**EXERCISE DETAILS:** Type out the data exactly as given. Skip any image.

**THE DATA:**
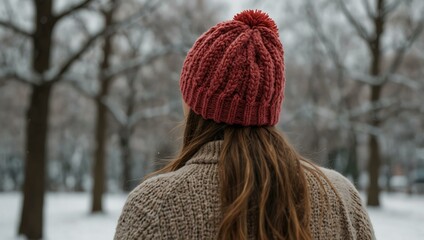 Wall Mural - Woman in a knitted hat viewed from the back in winter fashion.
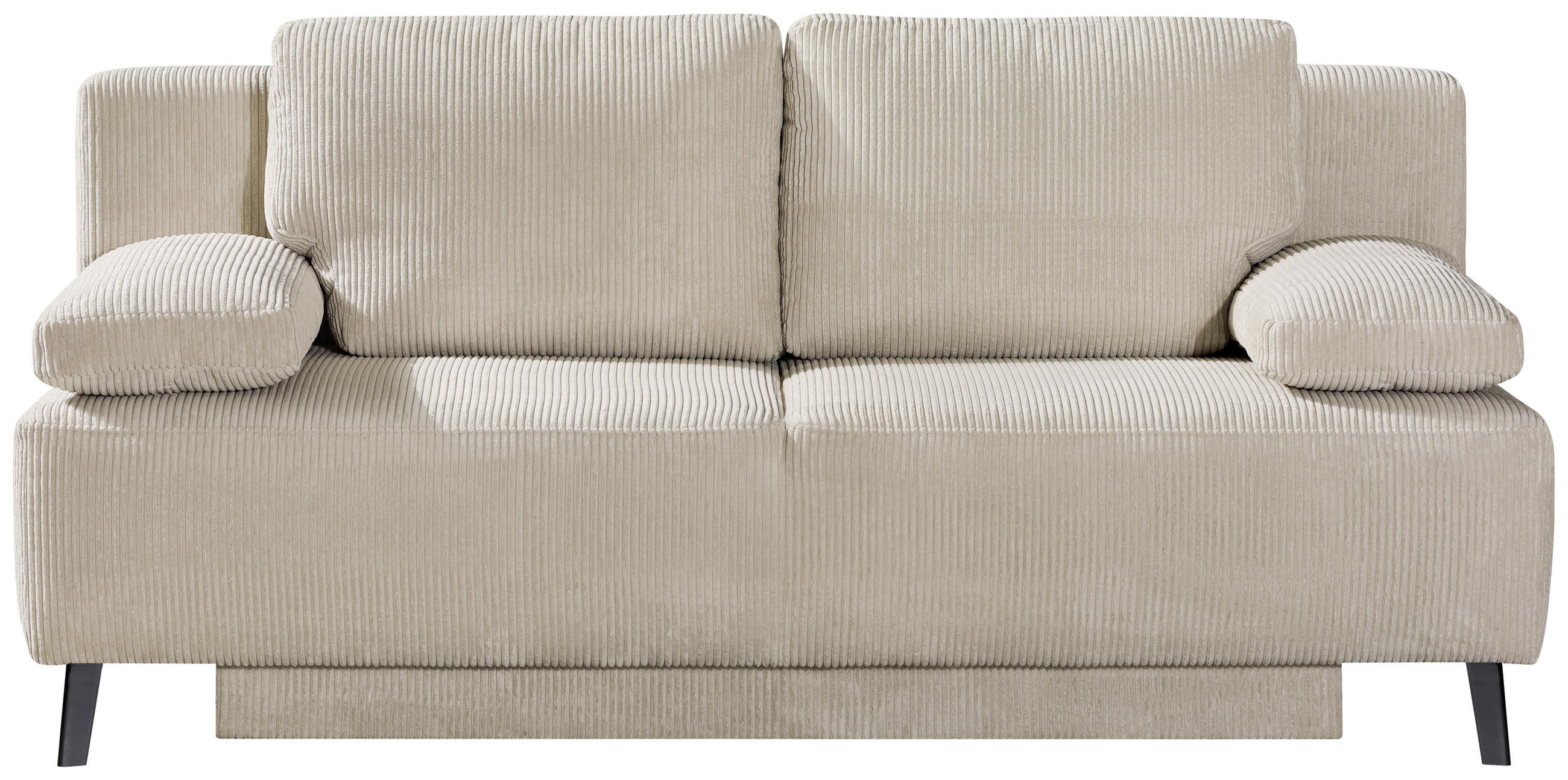 SCHLAFSOFA Cord Creme  - Creme/Schwarz, MODERN, Textil/Metall (197/92/88cm)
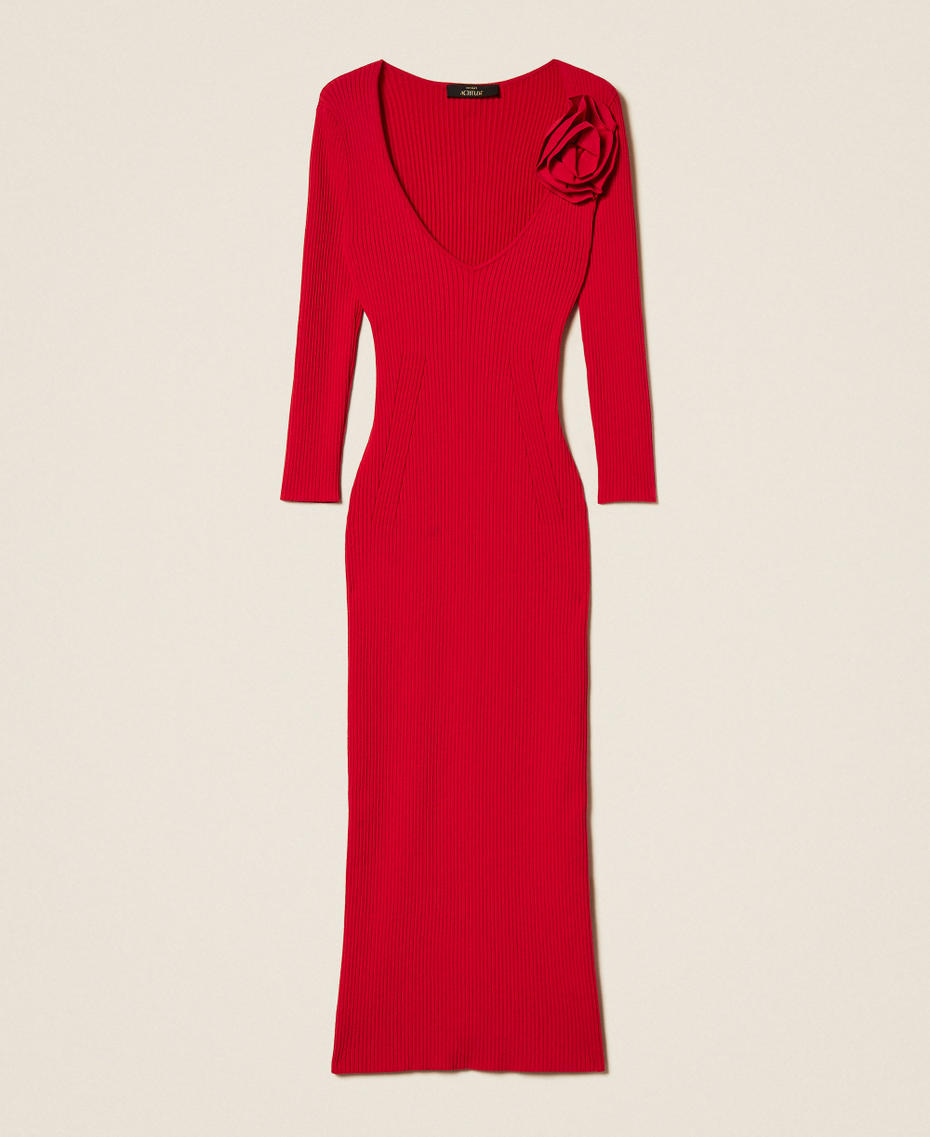 Long knit dress with brooch Magenta Red Woman 261AP3100_13160_S0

**ANSWER BOX:**
 Wall Mural - Woman in a knitted hat viewed from the back in winter fashion.
 SCHLAFSOFA Cord Creme  - Creme/Schwarz, MODERN, Textil/Metall (197/92/88cm)
 Long knit dress with brooch Magenta Red Woman 261AP3100_13160_S0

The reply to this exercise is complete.